Not to mention, all it takes is one advanced student setting up their own proxies on something like a free tier oracle cloud VPS and you’re never going to win.
Me when i figured out I can just run an exe from a zip and casually plays Minecraft. Then sets up a socks 5 proxy using danted on guess what, a free Oracle server.
Was quite tempting to live boot an ubuntu but then I'd have to reset the cmos.
When I was in highschool the security was so poor that I was able to create a Visual Basic program that just moved the file with the system security information info another folder. I'd receive a system error that I can't move the file, but the file would still move. Then I'd reboot into default security settings with nothing locked out. At the end of class I'd just move the file back and reboot again to restore the system.
My school even blocked archive.org because of this. Good luck checking like ⅛ of Wikipedia references.
You can't watch most porn or YouTube videos on the Wayback Machine anyways...
Images are available but it loads way slower than via a VPN, especially if the page isn't already archived and you need to save it yourself.
I remember when I was in high school many many moons ago, my buddy set up a proxy through his own server. (This dude was a genius for a high schooler, he was MSCE+Security certified before graduating).
We thought we were hot shit. We used it for a few weeks. Then one day we got called into a meeting with the district’s IT department. Turns out they knew we were using it all along, but didn’t care because we were mostly using it to browse gaming sites. But then this dipshit kid saw us using it, copied the URL without our knowledge, and used it to browse porn. So they had to shut us down and punished us. No network access for a month. (That kid lost computer access for the rest of the semester and failed a computer class he was taking. Serves him right.)
First handful of security lessons for your MSCE friend haha.
Lol never stand between a teen and their smut. It is a losing battle.
Some kids will find proxies. Definitely not enough that need things like the suicide prevention sites.
It should not be on the kids to do it in the first place.
We handed out proxy addresses like candy to whoever needed it. We also handed out literal CDs with compressed game installations so we would have more noobs to stomp when we were done with our work.
They have lots of time and motivation, as well as zero shits to give about getting caught. It's Actually a pretty good thing that kids are trying to bypass security because it naturally teaches them problem solving in a novel way
And the little bastards are more clever than we give them credit for.
I watched a really great documentary about the game Oregon Trail, and one of the first bug fixes they needed to add was preventing kids from putting in a negative number when purchasing things which resulted in an infinite money glitch. The developer was amused that the kids figured this out.
I also learned that Prince was in the same middle school where the alpha version of the game was tested in 1972, which is pretty neat.

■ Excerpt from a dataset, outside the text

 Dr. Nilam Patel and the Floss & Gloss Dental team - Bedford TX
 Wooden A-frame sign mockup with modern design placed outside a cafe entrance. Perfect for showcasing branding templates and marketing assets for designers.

Survey data show how these inequities play out. The Center for Democracy and Technology asked teachers last year whether internet filtering and blocking can make it harder for students to complete assignments. Among teachers in schools with high rates of poverty, 62 percent said yes; among teachers in schools with lower rates, 50 percent said the same.
So neither students nor teachesr like it?
Most education boards are about politics,not education
In my school in Germany, all computers were always set up in a way such that the teacher could look at any screen immediately. If a minor accesses a porn site, they’ll tell you by giggling, so what’s the need for filtering, anyway?
The US education system is a complete trainwreck. The teachers are underpaid to the point it should be criminal, and as a consequence many of the teachers are also poorly educated themselves and a lot of them are also technically illiterate as a consequence. IT departments are also underfunded, and what technical training and support they should be providing to teachers often doesn't happen. This isn't universal of course, there are highly educated and technically literature teachers, but they're few and far between.
Even worse the invasion of school boards by both the MAGA cult and Karens has turned schools into political battlegrounds where oftentimes the most successful teachers aren't the ones who are skilled at teaching, but the ones who are best at politicking and sucking up to administration.
But funding them better would require cutting the military budget by 0.1%!
They're actually doing more than that in U.S. schools. My daughter typed something on her school notebook in elementary school and it alerted the administration due to a keyword. I'm actually glad it did in that case because it led to some necessary follow-ups by us (no, she was not going to shoot up the school), but it still disturbed me that they were able to do that at all.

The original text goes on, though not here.